On Monday night, as he asked the Charlotte City Council for both more money and emotional support for the Charlotte-Mecklenburg Police Department, an officer named Travis Cook said the demonstrations that followed the police shooting death of Keith Scott in September caused a “Ferguson effect” that’s contributing to Charlotte’s rising crime rate. “Not only do officers feel they have no support from the community,” said Cook, a member of the city’s Fraternal Order of Police lodge, “they feel they have no support from the City Council.”
It’s budget season, and of course city departments will angle for more funding. But Cook’s reference to the “Ferguson effect” introduced a loaded concept into the discussion. It’s a term that’s inflamed discussions about crime and policing since Darren Wilson shot and killed Michael Brown, an unarmed black man, in Ferguson, Missouri, in August 2014. The chief of the St. Louis Metropolitan Police Department, Sam Dotson, coined the term later that year to describe what he said was front-line police reluctance to aggressively enforce the law after civil disturbances that follow police shooting incidents.

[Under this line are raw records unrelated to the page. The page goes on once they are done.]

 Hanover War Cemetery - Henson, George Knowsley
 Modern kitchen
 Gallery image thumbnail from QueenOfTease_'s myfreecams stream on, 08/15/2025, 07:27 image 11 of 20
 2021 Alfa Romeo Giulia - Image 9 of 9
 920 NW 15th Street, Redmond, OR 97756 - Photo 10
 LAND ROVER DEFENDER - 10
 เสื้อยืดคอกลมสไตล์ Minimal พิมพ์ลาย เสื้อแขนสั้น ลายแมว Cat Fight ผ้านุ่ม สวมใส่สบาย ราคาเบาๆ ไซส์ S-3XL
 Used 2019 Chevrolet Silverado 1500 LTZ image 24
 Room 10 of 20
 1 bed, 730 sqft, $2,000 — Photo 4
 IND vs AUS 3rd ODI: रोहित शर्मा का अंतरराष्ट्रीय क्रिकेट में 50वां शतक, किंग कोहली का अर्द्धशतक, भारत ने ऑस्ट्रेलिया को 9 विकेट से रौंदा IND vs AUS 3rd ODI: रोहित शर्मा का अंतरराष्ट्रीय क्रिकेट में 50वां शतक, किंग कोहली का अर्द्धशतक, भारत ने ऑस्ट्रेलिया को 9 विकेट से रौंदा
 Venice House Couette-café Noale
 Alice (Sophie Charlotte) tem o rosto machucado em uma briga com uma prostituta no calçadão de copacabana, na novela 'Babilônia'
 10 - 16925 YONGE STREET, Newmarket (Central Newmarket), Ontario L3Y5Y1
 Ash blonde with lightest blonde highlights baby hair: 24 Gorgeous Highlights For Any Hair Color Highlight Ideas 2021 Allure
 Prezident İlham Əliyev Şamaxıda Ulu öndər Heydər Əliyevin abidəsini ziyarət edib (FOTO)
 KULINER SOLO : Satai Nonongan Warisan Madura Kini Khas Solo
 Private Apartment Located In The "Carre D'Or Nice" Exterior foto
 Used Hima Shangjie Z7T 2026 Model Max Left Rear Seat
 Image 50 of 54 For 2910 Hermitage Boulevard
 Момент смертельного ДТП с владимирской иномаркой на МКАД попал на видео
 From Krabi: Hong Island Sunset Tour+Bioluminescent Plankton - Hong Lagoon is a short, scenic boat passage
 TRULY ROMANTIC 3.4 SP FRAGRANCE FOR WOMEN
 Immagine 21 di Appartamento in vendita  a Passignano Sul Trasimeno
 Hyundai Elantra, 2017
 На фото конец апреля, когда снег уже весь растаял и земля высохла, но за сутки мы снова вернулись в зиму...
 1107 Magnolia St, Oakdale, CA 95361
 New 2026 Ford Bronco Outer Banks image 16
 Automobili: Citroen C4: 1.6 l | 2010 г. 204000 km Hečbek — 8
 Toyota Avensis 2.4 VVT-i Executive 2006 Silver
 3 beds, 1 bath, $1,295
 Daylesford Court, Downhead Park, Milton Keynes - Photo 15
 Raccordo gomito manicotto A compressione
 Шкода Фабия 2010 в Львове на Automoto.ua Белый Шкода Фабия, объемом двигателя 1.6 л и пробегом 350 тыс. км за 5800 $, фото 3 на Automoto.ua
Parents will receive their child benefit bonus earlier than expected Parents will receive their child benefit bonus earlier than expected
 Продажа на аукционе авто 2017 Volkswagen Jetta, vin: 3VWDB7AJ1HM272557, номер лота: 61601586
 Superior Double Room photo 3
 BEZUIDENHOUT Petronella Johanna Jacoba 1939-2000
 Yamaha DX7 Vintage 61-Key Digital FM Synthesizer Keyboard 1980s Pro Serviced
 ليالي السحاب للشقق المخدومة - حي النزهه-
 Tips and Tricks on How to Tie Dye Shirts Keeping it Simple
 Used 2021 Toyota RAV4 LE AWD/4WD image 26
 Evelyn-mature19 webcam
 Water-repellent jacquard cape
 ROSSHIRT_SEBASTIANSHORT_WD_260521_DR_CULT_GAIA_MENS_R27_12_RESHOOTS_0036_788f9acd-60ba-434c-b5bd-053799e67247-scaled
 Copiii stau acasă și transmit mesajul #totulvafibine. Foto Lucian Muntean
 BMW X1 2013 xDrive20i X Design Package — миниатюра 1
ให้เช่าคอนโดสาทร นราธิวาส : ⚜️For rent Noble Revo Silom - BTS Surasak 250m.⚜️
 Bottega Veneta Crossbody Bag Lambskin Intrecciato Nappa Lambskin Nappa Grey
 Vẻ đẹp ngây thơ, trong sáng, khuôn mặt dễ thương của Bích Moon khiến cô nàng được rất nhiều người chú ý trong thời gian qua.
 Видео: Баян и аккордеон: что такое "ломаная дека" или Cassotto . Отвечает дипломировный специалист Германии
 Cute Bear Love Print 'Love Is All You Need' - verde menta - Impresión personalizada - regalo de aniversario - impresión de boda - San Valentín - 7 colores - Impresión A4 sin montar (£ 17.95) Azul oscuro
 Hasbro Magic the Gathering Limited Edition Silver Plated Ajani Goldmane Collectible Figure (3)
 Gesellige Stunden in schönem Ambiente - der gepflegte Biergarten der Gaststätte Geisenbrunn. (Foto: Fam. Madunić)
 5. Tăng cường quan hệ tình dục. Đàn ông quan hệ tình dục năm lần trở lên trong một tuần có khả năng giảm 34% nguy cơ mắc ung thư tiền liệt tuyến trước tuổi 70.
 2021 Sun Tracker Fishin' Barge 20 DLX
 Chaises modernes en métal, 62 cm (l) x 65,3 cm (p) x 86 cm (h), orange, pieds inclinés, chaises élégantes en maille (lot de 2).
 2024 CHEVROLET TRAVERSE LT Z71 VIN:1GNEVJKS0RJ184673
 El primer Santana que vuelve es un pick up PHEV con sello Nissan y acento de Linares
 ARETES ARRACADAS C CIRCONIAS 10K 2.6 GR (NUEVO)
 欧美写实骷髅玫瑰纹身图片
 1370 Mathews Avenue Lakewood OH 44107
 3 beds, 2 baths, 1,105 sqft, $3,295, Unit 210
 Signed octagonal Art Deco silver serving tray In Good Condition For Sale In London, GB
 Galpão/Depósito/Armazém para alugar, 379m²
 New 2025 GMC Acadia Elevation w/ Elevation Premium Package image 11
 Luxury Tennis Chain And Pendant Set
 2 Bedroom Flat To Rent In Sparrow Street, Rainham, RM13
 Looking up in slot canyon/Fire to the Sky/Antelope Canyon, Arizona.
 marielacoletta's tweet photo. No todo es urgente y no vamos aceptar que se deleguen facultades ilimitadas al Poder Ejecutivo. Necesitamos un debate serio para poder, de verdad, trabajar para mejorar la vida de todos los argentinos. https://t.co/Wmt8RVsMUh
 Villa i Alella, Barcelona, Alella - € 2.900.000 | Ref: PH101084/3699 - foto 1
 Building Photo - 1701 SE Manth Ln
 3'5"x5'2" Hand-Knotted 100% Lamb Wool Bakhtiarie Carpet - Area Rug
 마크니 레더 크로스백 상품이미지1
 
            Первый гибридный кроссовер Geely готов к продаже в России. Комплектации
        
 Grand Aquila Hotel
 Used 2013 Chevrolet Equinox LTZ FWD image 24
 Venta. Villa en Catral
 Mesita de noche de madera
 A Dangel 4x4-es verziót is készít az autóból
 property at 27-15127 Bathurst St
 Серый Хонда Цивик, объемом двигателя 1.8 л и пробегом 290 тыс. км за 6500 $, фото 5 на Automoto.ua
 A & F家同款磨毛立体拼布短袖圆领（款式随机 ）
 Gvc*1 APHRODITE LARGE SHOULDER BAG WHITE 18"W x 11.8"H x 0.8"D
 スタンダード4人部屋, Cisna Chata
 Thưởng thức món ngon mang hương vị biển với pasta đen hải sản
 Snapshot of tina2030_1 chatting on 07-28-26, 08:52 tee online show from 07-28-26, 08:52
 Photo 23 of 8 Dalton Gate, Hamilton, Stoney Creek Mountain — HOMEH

But the precise meaning has never been clear. Does the Ferguson effect mean de-policing as department policy, or a general, unofficial chilling effect on patrol officers? Or does it mean an emboldening of criminals who sense and take advantage of law enforcement agencies knocked back on their heels? Dotson initially used the term as shorthand to describe both the short-term divergence of St. Louis officers to help manage the chaos in Ferguson and the perceived empowerment of criminals. Interestingly, he didn’t mention de-policing either as policy or effect. Pundits such as Heather Mac Donald, author of The War On Cops, have made a case that crime is on the rise because officials and activists are criticizing law enforcement. This is, as you can imagine, a popular view among law enforcement and conservatives.
Yet there’s plenty of reason to be skeptical about what “the Ferguson effect” is, and whether it’s an actual phenomenon or just a convenient rhetorical tool in discussions of, among other things, police department budgets. An assortment of officials and researchers have warned that the theory is backed up by anecdotal, not statistical evidence, and a host of other factors might be at play: the growth of the opioid drug trade and the easy availability of guns, for example. A recent Pew Research Center survey revealed that more than three-quarters of nearly 8,000 officers nationwide said they’re more reluctant to use force when necessary because of widely publicized police shootings of black people. That’s not exactly an unbiased sample, though, and you’re also free to wonder whether a reluctance to use deadly force might not be a good thing.
One of the nation’s chief researchers into the phenomenon is Dr. Richard Rosenfeld of the University of Missouri-St. Louis. I spoke to him a few weeks ago about the rise in Charlotte’s homicide rate this year. In a widely shared report he produced last year for the National Institute of Justice, Rosenfeld concluded that a version of the Ferguson effect does seem to have contributed to violent crime rises in several U.S. cities. But it’s not a “war on cops.” It’s a widespread lack of trust in them, especially in poor minority neighborhoods:
Intentionally or not, the St. Louis police chief invoked an important strain of sociological and criminological thinking in his explanation of the Ferguson effect: the idea that violence escalates when individuals and communities are alienated from the legitimate means of social control. When persons do not trust the police to act on their behalf and to treat them fairly and with respect, they lose confidence in the formal apparatus of social control and become more likely to take matters into their own hands. Interpersonal disputes are settled informally and often violently.
During a media briefing last month, CMPD Chief Kerr Putney cited a sudden spike in disputes that ended in violent death, and admitted he didn’t have a good explanation for it. Keith Scott was shot and killed in late September. District Attorney Andrew Murray chose in late November not to charge Officer Brentley Vinson, the black CMPD officer who fired the shots. CMPD determined in late April that Vinson had followed police procedure and would not be disciplined.
Even if you accept that the Scott shooting was justified, you can empathize with a community whose members are convinced, not without cause, that the official system is stacked against them. If that abandonment of even minimal trust is the true Ferguson effect, it’s a problem that no increase in police funding is likely to solve.